POINT DE VUE. Élargissement de l’Union européenne : le message de la France
Le récent discours du président de la République à Bratislava, en Slovaquie, marque une étape dans l’approche française de la future Europe. Emmanuel Macron a compris qu’il était important d’envoyer un message clair sur l’élargissement de l’Union européenne aux pays des Balkans occidentaux, à la Moldavie, et surtout à l’Ukraine. Le pas en avant est important. Dans une Union européenne élargie à l’Est depuis vingt ans, l’image d’une France obsédée par la concurrence avec les États-Unis, traînant des pieds devant l’ouverture de négociations avec l’Albanie et la Macédoine du nord et parlant des garanties de sécurité pour la Russie a fait assez de dégâts.
Envoyer un message positif sur l’élargissement de l’Union européenne ne veut surtout pas dire accepter l’arrivée de nouveaux pays sans condition. Les critères concernant le respect de l’État de droit doivent rester les mêmes. Il faut en revanche repenser la méthode en allant vers un élargissement graduel, avec une conditionnalité appliquée à chaque étape pour l’accès aux fonds, mais aussi aux positions institutionnelles (comme, par exemple, la nomination d’un Commissaire européen). Il convient, ensuite, de ne pas déconnecter l’élargissement des réformes institutionnelles au sein de l’Union européenne. Une Union de trente-cinq membres nécessite de revoir la règle de l’unanimité pour l’adoption des décisions, notamment en matière de politique étrangère, mais aussi d’harmonisation fiscale. Actuellement, les sanctions à l’égard de la Russie nécessitent un vote à l’unanimité au Conseil des ministres de l’Union européenne. Viktor Orban, le Premier ministre hongrois, pourrait parfaitement bloquer chaque vote, ce qu’il n’a jamais osé faire tout en vilipendant les sanctions, voire en contribuant à leur détournement.
Une Europe démocratique
Le message à l’Europe orientale et aux Balkans doit rester celui de l’Europe démocratique.
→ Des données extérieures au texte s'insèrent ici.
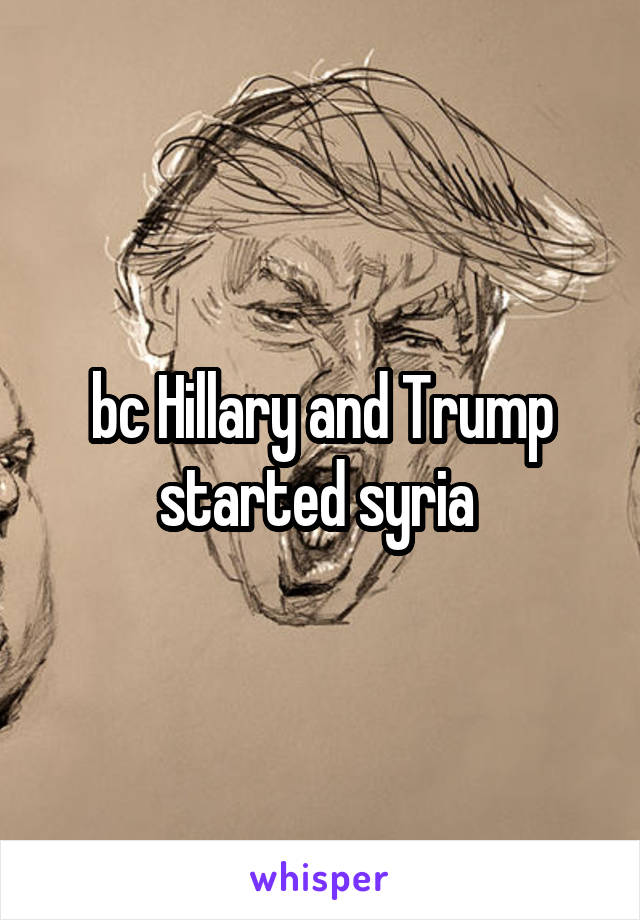 bc Hillary and Trump started syria 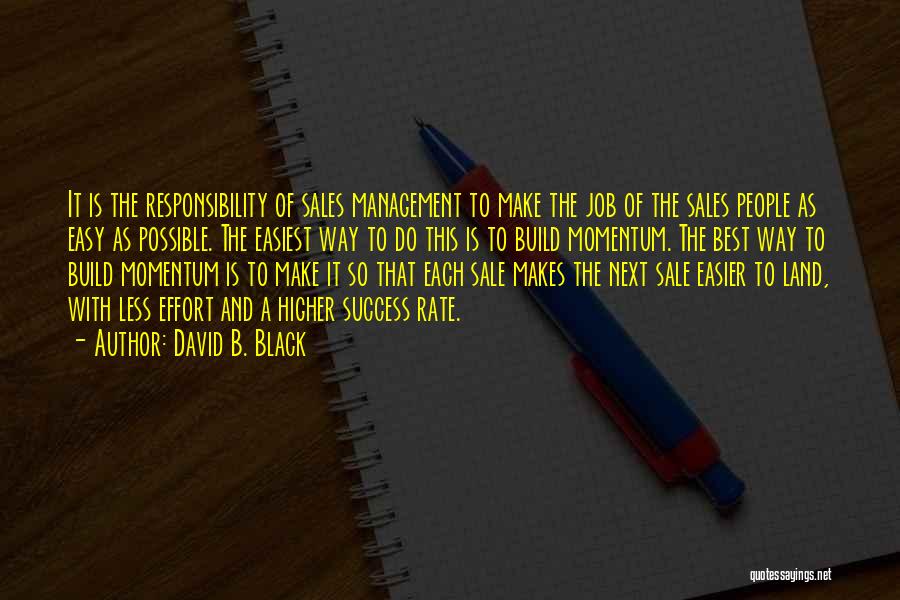 Best Sales Quotes By David B. Black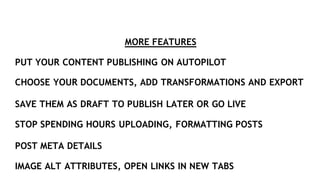 MORE FEATURES
PUT YOUR CONTENT PUBLISHING ON AUTOPILOT
CHOOSE YOUR DOCUMENTS, ADD TRANSFORMATIONS AND EXPORT
SAVE THEM AS DRAFT TO PUBLISH LATER OR GO LIVE
STOP SPENDING HOURS UPLOADING, FORMATTING POSTS
POST META DETAILS
IMAGE ALT ATTRIBUTES, OPEN LINKS IN NEW TABS
 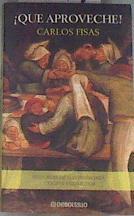 Qué aproveche! Historias de gastronomia cocina y comedor | 82814 | Fisas, Carlos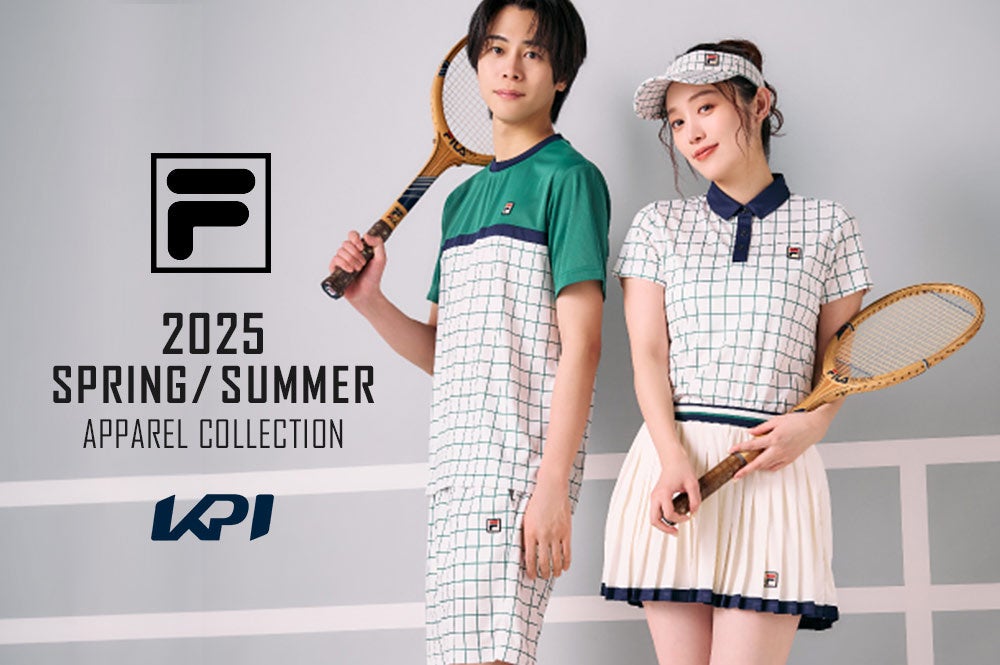 KPI＞フィラ テニスウェア2025年春夏コレクション販売開始 | KPI株式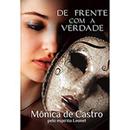 De frente com a verdade -Mnica de Castro / espirito leonel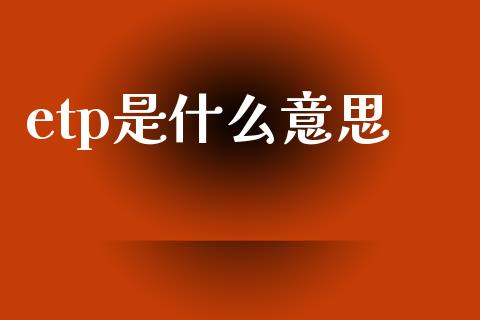 etp是什么意思_https://cj002.lansai.wang_财经百问_第1张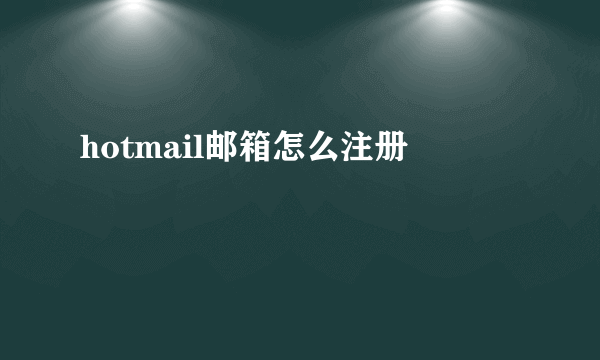 hotmail邮箱怎么注册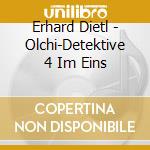 Erhard Dietl - Olchi-Detektive 4 Im Eins cd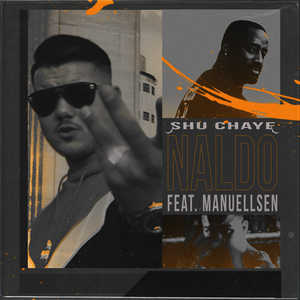 Shu Chaye (feat. Manuellsen)
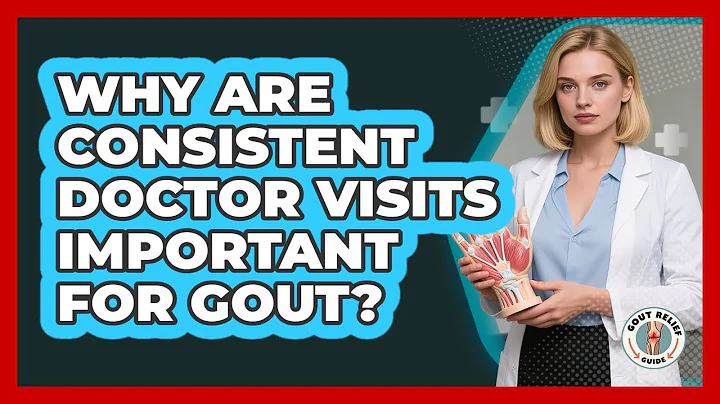 Why Are Consistent Doctor Visits Important For Gout?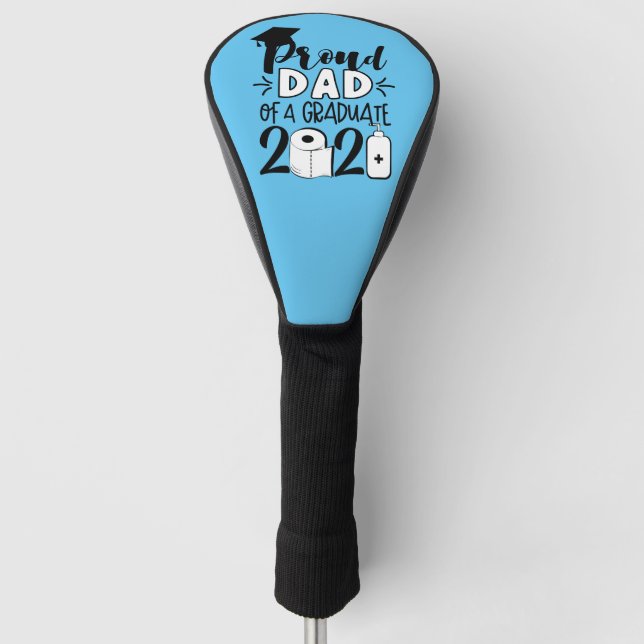 Proud Dad of a Graduate - 2021 Golf Head Cover (Front)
Après le discours d’Emmanuel Macron de Bratislava, un proche de l’opposition polonaise m’écrit depuis Varsovie : « Que veut dire le « Je vous ai compris ! » du président français aux Centre-Européens, alors que le parti au pouvoir en Pologne vient de violer au moins dix articles de la Constitution pour priver le leader de l’opposition Donald Tusk de toute vie publique ? » En effet, il faut continuer à dire aux dirigeants d’Europe centrale et orientale, mais aussi des Balkans, que les pays ne respectant pas la démocratie libérale ne peuvent pas avoir voix au chapitre au sein de l’Union européenne.
Finalement, un débat sur l’élargissement s’impose auprès des opinions publiques des États membres, et notamment des « vieux » États comme la France. On se souvient des anathèmes, lors du référendum de 2005, contre un plombier polonais qui n’existait pas. Une musique pas très différente existe déjà sur le mafieux albanais et kosovar. Il va falloir expliquer que tout ceci est d’un incroyable simplisme à un peuple qui se sent en insécurité permanente. Si on ne le fait pas, les négociations d’adhésion buteront au moment de leur ratification. En France, la Constitution prévoit un référendum obligatoire, sauf si l’Assemblée nationale et le Sénat en décident autrement à la majorité des 3/5èmes, autant dire une condition difficile à atteindre.
Le travail en externe comme en interne à propos de l’élargissement de l’Union européenne commence à peine. La parole présidentielle à Bratislava était importante pour en marquer le vrai début.